The Media

They Took Our Jobs

The corporate media empire would have you believe that draconian anti-piracy laws like SOPA and Protect-IP are needed to prevent job losses and protect their hard-earned profits.

While those are noble goals, there's just one problem -- the media industry is doing just fine. Better than ever, actually. And their record earnings haven't lead to dramatic job creation.

Although a recent National Crime Prevention Council ad campaign tries to make the point that piracy kills jobs, the CRS [Congressional Research Service] found that total gross revenues and box office receipts have doubled in the last 15 years. Grosses went from $52.8 billion in 1995 to $104.4 billion in 2009, while box office receipts went from $5.3 billion in 1995 to $10.6 billion in 2010 — yet hiring still went down.

One thing that has gone up, higher than ever, is executive pay.
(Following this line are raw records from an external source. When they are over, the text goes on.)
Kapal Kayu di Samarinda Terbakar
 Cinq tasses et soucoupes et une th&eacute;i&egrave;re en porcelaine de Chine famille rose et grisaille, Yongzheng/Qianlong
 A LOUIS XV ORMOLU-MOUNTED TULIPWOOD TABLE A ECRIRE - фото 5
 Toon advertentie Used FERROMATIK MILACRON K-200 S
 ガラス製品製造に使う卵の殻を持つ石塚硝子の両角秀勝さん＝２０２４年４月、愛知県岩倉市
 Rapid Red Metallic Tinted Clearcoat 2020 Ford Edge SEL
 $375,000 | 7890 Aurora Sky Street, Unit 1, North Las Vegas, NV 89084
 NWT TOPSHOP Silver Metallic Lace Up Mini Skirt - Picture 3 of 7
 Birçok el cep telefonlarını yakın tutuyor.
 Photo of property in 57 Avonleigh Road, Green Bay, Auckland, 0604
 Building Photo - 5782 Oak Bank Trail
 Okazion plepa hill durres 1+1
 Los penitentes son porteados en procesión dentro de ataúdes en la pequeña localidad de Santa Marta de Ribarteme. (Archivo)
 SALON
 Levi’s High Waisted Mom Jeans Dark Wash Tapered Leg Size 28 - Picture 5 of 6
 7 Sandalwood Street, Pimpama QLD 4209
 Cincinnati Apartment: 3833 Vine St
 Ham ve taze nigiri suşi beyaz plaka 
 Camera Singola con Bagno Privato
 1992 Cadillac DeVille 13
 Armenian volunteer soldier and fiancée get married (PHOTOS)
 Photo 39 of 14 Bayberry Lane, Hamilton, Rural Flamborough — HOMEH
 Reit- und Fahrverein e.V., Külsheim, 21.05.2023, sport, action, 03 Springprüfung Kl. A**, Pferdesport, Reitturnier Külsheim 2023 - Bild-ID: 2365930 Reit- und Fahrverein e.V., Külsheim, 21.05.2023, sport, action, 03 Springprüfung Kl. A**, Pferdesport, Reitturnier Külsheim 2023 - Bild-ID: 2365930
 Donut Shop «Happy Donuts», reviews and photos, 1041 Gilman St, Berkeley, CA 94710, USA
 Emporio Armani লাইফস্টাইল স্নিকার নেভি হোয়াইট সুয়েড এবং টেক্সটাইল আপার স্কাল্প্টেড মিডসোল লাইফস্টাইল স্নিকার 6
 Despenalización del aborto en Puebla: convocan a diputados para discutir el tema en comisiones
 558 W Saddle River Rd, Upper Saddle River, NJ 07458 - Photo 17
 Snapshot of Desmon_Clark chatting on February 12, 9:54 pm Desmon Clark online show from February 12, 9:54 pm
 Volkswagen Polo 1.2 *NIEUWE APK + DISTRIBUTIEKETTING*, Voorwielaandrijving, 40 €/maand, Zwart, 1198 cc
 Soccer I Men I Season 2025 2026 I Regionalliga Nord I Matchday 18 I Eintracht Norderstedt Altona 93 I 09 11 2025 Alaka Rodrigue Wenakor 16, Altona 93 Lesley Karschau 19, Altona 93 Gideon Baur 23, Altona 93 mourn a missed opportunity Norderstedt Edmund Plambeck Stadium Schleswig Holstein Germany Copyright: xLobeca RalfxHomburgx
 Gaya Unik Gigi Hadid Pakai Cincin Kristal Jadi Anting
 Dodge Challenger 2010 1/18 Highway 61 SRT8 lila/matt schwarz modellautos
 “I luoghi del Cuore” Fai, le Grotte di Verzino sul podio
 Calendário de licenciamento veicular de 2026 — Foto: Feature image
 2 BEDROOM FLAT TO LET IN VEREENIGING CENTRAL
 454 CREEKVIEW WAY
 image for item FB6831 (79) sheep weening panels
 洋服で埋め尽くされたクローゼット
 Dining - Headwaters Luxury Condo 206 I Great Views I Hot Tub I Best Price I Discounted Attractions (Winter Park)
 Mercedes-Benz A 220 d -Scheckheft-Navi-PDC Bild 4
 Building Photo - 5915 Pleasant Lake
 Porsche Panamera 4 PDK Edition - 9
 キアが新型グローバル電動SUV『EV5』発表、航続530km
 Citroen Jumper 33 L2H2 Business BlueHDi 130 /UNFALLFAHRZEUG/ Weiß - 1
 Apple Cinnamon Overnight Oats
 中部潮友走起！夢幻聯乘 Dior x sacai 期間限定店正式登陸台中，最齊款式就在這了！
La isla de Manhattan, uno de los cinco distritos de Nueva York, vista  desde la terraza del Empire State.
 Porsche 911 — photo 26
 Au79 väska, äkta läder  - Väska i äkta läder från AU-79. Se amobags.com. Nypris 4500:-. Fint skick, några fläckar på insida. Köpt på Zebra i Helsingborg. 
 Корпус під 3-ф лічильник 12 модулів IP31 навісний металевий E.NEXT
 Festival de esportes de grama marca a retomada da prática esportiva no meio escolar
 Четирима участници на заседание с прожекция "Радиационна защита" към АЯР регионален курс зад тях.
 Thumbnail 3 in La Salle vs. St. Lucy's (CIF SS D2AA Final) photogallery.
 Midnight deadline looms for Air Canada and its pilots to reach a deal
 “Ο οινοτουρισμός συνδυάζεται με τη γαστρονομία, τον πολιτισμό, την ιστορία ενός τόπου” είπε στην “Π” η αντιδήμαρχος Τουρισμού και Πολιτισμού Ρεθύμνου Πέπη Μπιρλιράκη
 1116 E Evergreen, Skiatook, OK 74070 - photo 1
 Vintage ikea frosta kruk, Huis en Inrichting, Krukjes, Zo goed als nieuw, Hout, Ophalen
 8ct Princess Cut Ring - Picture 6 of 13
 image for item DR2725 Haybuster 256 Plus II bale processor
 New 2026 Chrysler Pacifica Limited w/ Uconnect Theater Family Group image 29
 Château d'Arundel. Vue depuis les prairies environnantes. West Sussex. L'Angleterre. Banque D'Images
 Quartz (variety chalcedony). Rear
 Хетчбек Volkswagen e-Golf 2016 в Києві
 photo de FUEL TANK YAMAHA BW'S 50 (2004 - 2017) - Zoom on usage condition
The CRS report noted that News Corporation paid CEO Rupert Murdoch $33,292,753 in 2011; Viacom gave CEO Philippe Dauman made $84,515,308; Time Warner CEO Jeffrey Bewkes took home $26,303,071; while Disney CEO Robert A. Lger earned $29,617,964. Sony CEO Howard Stringer was at the bottom of the bunch at $4.3 million, having taken a 14 percent pay cut due to losses. [...]

The CRS report further shows that employment by film studios and related service companies has remained relatively stable since 1998. Though there have been spikes and slumps in hiring over the years, about 374,000 people worked full or part time making movies last year, down from 392,000 in 1998. That’s on the upswing from a low in 2009, when employment dipped just below 370,000.

The ultimate goal of any executive is to maximize profits, but given that the corporate media is already doing so well, it's hard to believe there aren't other motives for a clamp-down on free-speech and fair-use policy.

How long before the strictly non-partisan Congressional Research Service is accused of socialist heresy?